A remarkable photograph exists of their shop (T. Bannan. Grocer) which, as well as the two proprietorial-looking ladies in the doorway, features a quartet of 'gas men' striking a variety of poses. In the window are advertisements for John Jameson and Bass, and a poster for Hurling Championships at Maryborough. The date on the latter is illegible, but, from the people's clothes, I would guess that the picture is from the 1920's or earlier.

Tobias Bannan died in April 1915 and was succeeded by his son George (1890-1944), whose versatility evidently matched his father's: Undertaker, Building Contractor and General merchant.
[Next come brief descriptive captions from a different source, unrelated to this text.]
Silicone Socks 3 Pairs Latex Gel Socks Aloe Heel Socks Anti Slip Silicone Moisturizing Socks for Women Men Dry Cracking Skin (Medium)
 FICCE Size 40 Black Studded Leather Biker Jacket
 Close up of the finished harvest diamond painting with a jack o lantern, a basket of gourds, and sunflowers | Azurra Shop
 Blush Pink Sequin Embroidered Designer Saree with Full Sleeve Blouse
Wood and Metal Pumps supplied. Saw Mills, All sorts of Joinery, Plumbing of all descriptions. His mother Maria died in 1933.

Tobias's son Richard and his wife Elizabeth née Cullen had a small orchestra which, before the advent of the 'talkies', provided the music in the local Electric Cinema. They later lived in Grattan Street and their family became noted for their musical ability. From 1924, in premises leased from my grand-aunt, Richard ran 'Bannan’s Hall’, a dancehall in what is today the Reliable House Furnishers building in Station Road2. Throughout the 1940’s, 50's and '60's, his son Toby led a very popular Danceband (Featuring Electric Hawaiian Guitar) and, in the 1950's, his wife Frances ran a School of Dancing, offering Expert Tuition in Classical Ballet, Traditional Irish Dancing, Tap, Acrobatic and Troupe Work. His sister Marie was an accomplished pianist and at, one stage, his brother Fred, a Housing Officer with Westminster City Council, was organist in St Aloysius Church near Euston Station in London. I like to imagine that his music gave some comfort to homesick compatriots newly arrived from Holyhead and living in coldwater flats in nearby Camden Town. On his eventual return to Portlaoise, Fred also played in the Parish Church. He died in November 2002.

In 1950, brothers Peter and Charlie Keegan bought No. 16 and the Bannan family moved into No. 17. Six years later, Charlie bought the pub - formerly Kearney's Crystal Bar - in Lower Main Street that still bears his name today. In the Market Square, Peter also sold agricultural equipment from the rere of his premises (1957 newspaper ad: Buy a cocklifter – the implement with everyday uses on the farm) and, in 1963, after taking took over Bannan's Undertaking, business he bought No. 17. After he combined the two buildings the local newspaper poured lavish praise on the 'citified appearance' of the refurbishment. Peter Keegan was eventually succeeded as both Publican and Undertaker by his son Matthew. In 2008, the business became Coppers Late Bar. In August 2015, Coppers relocated to the rear of the premises to be replaced by The Market House facing in to the Square. In fairly quick succession, this was renamed Club M, Manhattan Mixer and, believe it or not, Coppers again.

One person I spoke to recalled how, half a century ago, he was regularly sent to Keegan's 'for a message' . Down along the narrow corridor past the chatter in the pub, to the grocery at the rere, where he placed his order for three slices of ham for his mother and a bottle of stout for his granny.


1 Up to the 1960's, there was a newsagent's kiosk - at one stage, run by Eason's - at the station. It was a favourite haunt of young lads from Station Road and Coote Street who could get their eager hands on The Hotspur or The Victor "hot off the train" and, crucially, before they were delivered to the shops "up the town".

2 In the 1950's, the hall was also the venue of Cully's Bazaar, run by Jim Cully from Tipperary, ex-professional boxer and the Tallest Man in Ireland who, according to local legend, drove his Mercedes from the back seat. (I can vouch for his altitude but not his motoring technique.) The Bazaar's attractions included Pongo (a forerunner of Bingo), £30 in Balloons, a rifle range, and Lulu who "presents bigger and better prizes"! Roll Up! Roll Up!